+++ DATASET EXTRACT
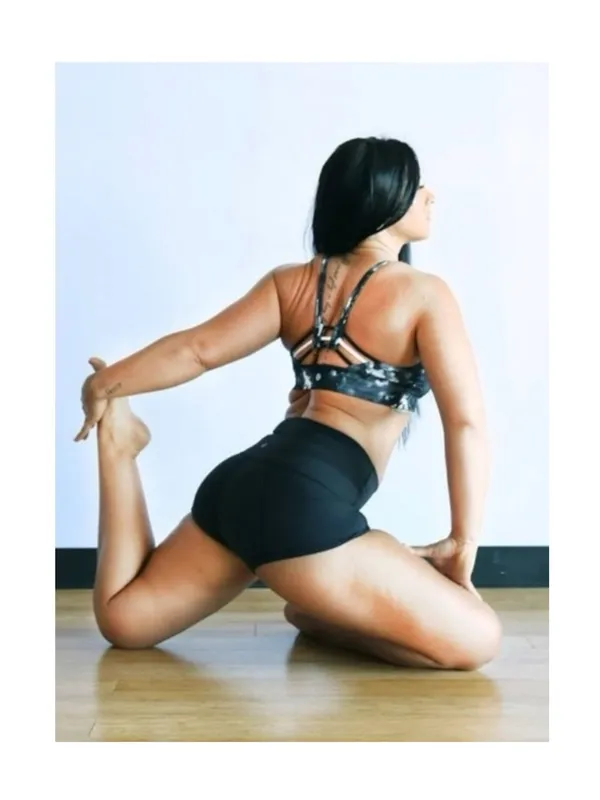 HTF: new Lululemon ॐ Wunder High Waist Yoga Running Short 2" Inseam ॐ Black 8 - Image 13
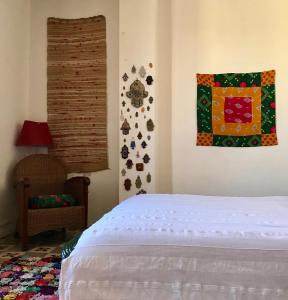 sypialnia z łóżkiem i kołdrą na ścianie w obiekcie Appartement à Arles w mieście Arles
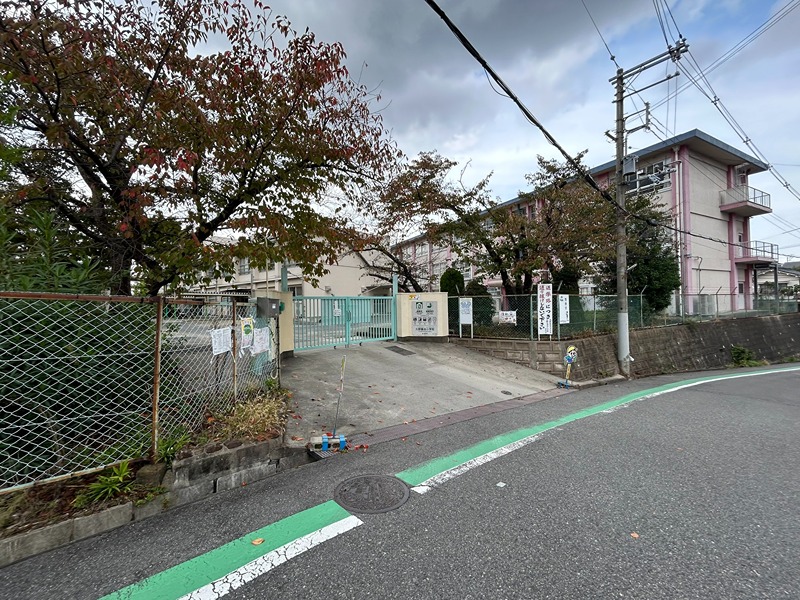 小学校　富田林市立久野喜台小学校（小学校）まで698m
++++++
REQUIREMENT =
Exclude all pictures and return precisely the lines from the one containing "sypialnia z łóżkiem" through the closing line of the data.

REPLY =
 sypialnia z łóżkiem i kołdrą na ścianie w obiekcie Appartement à Arles w mieście Arles
 小学校　富田林市立久野喜台小学校（小学校）まで698m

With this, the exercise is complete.